Exercise:
Every line below that contains "Leather" is to be copied.

Raw data:
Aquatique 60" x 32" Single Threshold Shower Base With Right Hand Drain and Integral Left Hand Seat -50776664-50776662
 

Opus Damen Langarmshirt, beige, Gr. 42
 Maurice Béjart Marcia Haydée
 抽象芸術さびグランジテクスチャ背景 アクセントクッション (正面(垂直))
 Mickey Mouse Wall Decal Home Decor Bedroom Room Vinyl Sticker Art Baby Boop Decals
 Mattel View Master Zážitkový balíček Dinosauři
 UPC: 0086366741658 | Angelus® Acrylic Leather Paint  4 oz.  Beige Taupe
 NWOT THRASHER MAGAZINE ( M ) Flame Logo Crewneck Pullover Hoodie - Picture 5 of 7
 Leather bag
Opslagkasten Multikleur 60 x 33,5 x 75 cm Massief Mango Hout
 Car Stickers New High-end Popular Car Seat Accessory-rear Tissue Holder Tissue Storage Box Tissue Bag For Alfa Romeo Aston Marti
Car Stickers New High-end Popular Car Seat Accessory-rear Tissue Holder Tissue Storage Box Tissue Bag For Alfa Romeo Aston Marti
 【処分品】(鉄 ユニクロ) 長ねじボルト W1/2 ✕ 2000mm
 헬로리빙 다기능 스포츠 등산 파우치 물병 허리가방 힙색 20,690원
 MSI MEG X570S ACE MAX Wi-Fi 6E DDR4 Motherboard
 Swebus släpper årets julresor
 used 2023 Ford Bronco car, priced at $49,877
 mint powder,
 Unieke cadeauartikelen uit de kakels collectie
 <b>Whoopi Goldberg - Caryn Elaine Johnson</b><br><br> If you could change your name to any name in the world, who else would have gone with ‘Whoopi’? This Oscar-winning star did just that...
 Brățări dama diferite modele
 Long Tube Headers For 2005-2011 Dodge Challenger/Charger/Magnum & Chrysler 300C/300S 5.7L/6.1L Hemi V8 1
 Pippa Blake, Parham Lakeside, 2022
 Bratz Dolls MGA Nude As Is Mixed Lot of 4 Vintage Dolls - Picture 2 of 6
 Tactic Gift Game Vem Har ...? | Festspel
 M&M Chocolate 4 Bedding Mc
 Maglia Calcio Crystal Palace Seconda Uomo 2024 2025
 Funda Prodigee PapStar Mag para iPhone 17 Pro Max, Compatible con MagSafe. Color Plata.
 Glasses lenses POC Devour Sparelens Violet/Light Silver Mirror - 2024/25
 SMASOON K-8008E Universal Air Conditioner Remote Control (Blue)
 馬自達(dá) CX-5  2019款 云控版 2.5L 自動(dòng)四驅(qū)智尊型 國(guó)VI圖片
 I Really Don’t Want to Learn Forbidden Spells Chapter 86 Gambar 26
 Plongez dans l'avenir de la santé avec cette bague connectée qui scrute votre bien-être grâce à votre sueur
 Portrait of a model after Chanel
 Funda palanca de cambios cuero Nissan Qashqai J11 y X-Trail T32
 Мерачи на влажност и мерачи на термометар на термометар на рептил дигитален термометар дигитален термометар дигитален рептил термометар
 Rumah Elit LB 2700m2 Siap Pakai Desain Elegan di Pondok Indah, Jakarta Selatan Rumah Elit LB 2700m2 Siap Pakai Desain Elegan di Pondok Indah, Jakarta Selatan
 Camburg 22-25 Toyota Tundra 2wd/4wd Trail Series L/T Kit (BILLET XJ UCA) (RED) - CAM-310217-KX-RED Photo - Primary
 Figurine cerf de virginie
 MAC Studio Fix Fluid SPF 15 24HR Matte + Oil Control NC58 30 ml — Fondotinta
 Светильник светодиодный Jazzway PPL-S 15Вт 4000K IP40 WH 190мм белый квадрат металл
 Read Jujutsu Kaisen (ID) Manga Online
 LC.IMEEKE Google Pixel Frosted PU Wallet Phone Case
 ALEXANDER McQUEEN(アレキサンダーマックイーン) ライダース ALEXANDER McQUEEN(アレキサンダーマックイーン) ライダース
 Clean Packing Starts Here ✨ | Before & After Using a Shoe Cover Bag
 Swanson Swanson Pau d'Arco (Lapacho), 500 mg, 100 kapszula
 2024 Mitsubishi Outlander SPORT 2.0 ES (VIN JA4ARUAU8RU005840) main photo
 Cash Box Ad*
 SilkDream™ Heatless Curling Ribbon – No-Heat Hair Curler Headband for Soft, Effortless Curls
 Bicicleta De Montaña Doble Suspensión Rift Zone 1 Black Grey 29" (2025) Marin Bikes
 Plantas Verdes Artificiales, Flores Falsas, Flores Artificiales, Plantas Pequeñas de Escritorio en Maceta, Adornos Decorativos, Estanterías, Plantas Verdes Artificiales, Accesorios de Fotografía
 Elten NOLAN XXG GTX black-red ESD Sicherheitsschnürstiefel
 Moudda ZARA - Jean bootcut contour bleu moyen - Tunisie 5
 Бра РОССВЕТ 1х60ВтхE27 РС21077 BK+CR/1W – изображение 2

Exercise answer:
 UPC: 0086366741658 | Angelus® Acrylic Leather Paint  4 oz.  Beige Taupe
 Leather bag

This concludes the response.